The Volunteers of America (VOA) must decide its next steps after the St. Paul City Council upheld one appeal and rejected another July 3. The council’s actions prevent VOA from using 1394 Jackson St., a former residential facility, as a halfway house for up to 74 people leaving the federal prison system. The agency could either seek another location or challenge the City Council decision in court.

The City Council memorialized its decision July 11.

VOA has lost its lease at its longtime Roseville facility and needs to move. In June the St. Paul Planning Commission granted VOA a conditional use permit for 32 residents, not the 74 requested. That prompted VOA to appeal that decision. The nonprofit agency’s attorney Tom Johnson called the number “arbitrary” and said it has been “plucked out of the air.” Planning Commission members said they chose the number because the property could have 16 residents under city regulations and 32 was seen as a compromise.

But the council rejected the VOA appeal and upheld a District 6 (North End-South Como) Planning Council appeal asking that the permit simply be denied. The district council representatives said that while they have respect for VOA and its decades of helping federal prisoners transition into society, the Jackson Street site isn’t appropriate.

Ward Five Council Member Amy Brendmoen agreed and praised VOA. But she asked that the District 6 appeal be upheld, saying that the halfway house use isn’t in compliance with area and citywide plans. “District 6 has longstanding concerns about underutilized industrial land,” she said.

The area is poised for redevelopment and that has to be recognized, Brendmoen added.

The nonprofit VOA, which has worked with federal prisoners for 40 years, hoped to operate a residential facility at 1394 Jackson St., south of Arlington Avenue. The organization is losing its lease at its Roseville location and is looking to move.

The proposed new location, just south of the Arlington-Jackson intersection, is zoned industrial and is surrounded by industrial and commercial uses. Years ago it did house a community residential facility for women, Norhaven. More recently is has been used as adult day care, a restaurant and office space. Johnson said that the building is appropriate for VOA’s proposed use and that the institutional use continued into the 1990s. The VOA use would have provided 20 jobs.

VOA representatives, including a man who was able to make a successful transition back into society thanks to the program, said their use is a good fit for the building and the area. VOA Minnesota CEO and President Paula Hart said the nonprofit would pay the city the equivalent of the property taxes for the site, if the program could locate there.

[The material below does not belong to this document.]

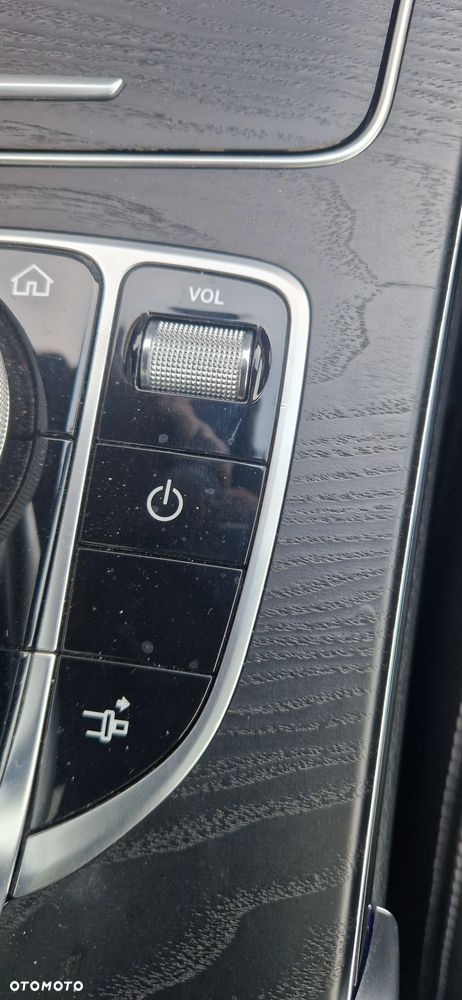 Mercedes-Benz Klasa C 220 d 4Matic 9G-TRONIC AMG Line Plus - 25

If VOA ever left the site, the city would have first right of refusal for the land and it wouldn’t be sold to another community residential facility user.

Hart also pointed out that one in five of the agency’s re-entry clients are from St. Paul.

Opponents said the issue is not VOA but one of land use. District 6 Community Organizer Kerry Antrim said that the plans for the site call for industrial reuse and job creation. “We are clear on job creation, we are clear on keeping our industrial land industrial,” she said.

Attorney Kirsten Libby represented the District 6 Planning Council. She said the project doesn’t meet the city’s standards for a conditional use permit and that the number of residents proposed is a 400 percent increase over what is allowed.